Em 9 de janeiro, decorreu no Auditório da Academia de Marinha, uma sessão cultural intitulada “O Tesouro do Bom Jesus”, apresentada pelo Professor Luís Filipe Reis Thomaz, Membro Emérito desta Academia.
O Académico, reconhecido especialista em História do Oriente, salientou na sua comunicação o trabalho de investigação que desenvolveu quando da catalogação das 2.333 moedas de ouro e prata encontradas a 1 de abril de 2008 entre os despojos do Bom Jesus, um navio do século XVI naufragado na costa da Namíbia. O achado foi trabalhado por arqueólogos locais e alemães, o que deu origem a um livro e a diversos artigos. A pesquisa das moedas permitiu determinar a data mais provável do naufrágio deste navio da Carreira da Índia, cuja carga foi avaliada em cerca de 70 milhões de euros, com cada moeda de ouro portuguesa a valer 50 mil.
Para elaborar o catálogo, encomendado pelo Instituto de Investigação Científica Tropical, a pedido da embaixada portuguesa em Windhoek, o Professor Reis Thomaz esteve durante uma semana no Banco Central da Namíbia, onde se encontra guardado o tesouro, tendo então descoberto 35 diferentes tipos de moedas. De lembrar que a Numismática é uma ciência auxiliar da História e em Arqueologia as moedas surgem sempre como um importante elemento de estudo já que permitem datar, por vezes com grande rigor, numerosos achados. Explicou o Professor ao afirmar que o hábito de se inscrever numa moeda a data da sua cunhagem apenas se generalizou no século XVII, apesar de existirem outros elementos que permitem chegar a uma datação aproximada, como as efígies e os nomes dos reis e dos príncipes, referências a acontecimentos históricos, frases célebres, brasões e muitos outros símbolos.
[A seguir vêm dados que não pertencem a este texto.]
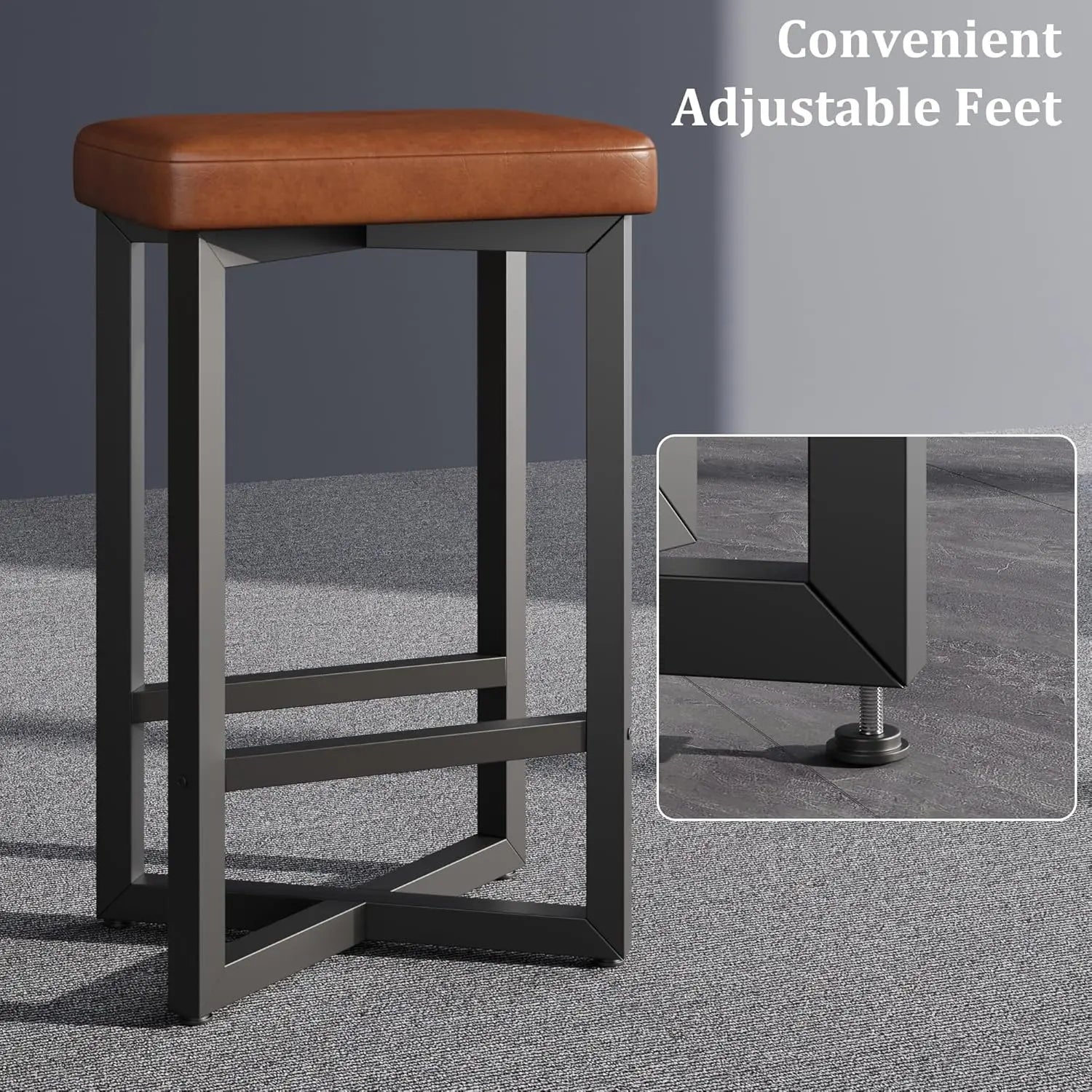 2PCS 24" Bar Stools Set Counter Height Backless Barstools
É também de se ter em conta as cunhagens póstumas, porque por diversas razões alguns soberanos continuaram a cunhar moeda em nome dos seus antecessores.
As investigações efetuadas tornaram possível datar, com razoável precisão, o naufrágio e identificar o navio. Assim, deduz-se dos tipos monetários que o naufrágio teve lugar entre 1525 e 1537. Ora, segundo as crónicas, nesse lapso de tempo apenas um navio se perdeu naquelas paragens – a nau Bom Jesus, da armada de 1533, capitaneada por D. Francisco de Noronha.
A análise da correspondência trocada entre D. João III, que na época residia em Évora, com o Vedor da Fazenda, o Conde da Castanheira, que permanecia em Lisboa, explica-nos a razão porque aproximadamente dois terços das moedas achadas são castelhanas – correspondem ao numerário enviado por mercadores de Sevilha que pagaram adiantadamente as especiarias que haviam encomendado.
As outras mercadorias encontradas na nau (cobre, chumbo, estanho e marfim) correspondem perfeitamente ao que se sabe constituir habitualmente a carga das naus da Índia. É interessante notar que à exceção do marfim (a que gregos e romanos não tinham acesso, importando-o diretamente da África Oriental e da a Índia), esses géneros coincidem quase inteiramente com os que nos primeiros séculos da nossa Era o Império Romano exportava para a Índia. Mais dotada pela natureza em espécies vegetais e não menos desenvolvida que a Europa em matéria de manufaturas, a Índia exportava mais do que importava, sendo por isso o défice da sua balança comercial com o Ocidente compensado em metais amoedados ou amoedáveis.
A exploração da Rota do Cabo pelos portugueses insere-se assim no tradicional padrão do comércio pelas rotas dos Estreitos, que apenas a revolução industrial britânica dos séculos XVIII e XIX viria a alterar profundamente.
Após a comunicação seguiu-se um período de debate em que o Professor Reis Thomaz esclareceu as questões colocadas pela interessada assistência.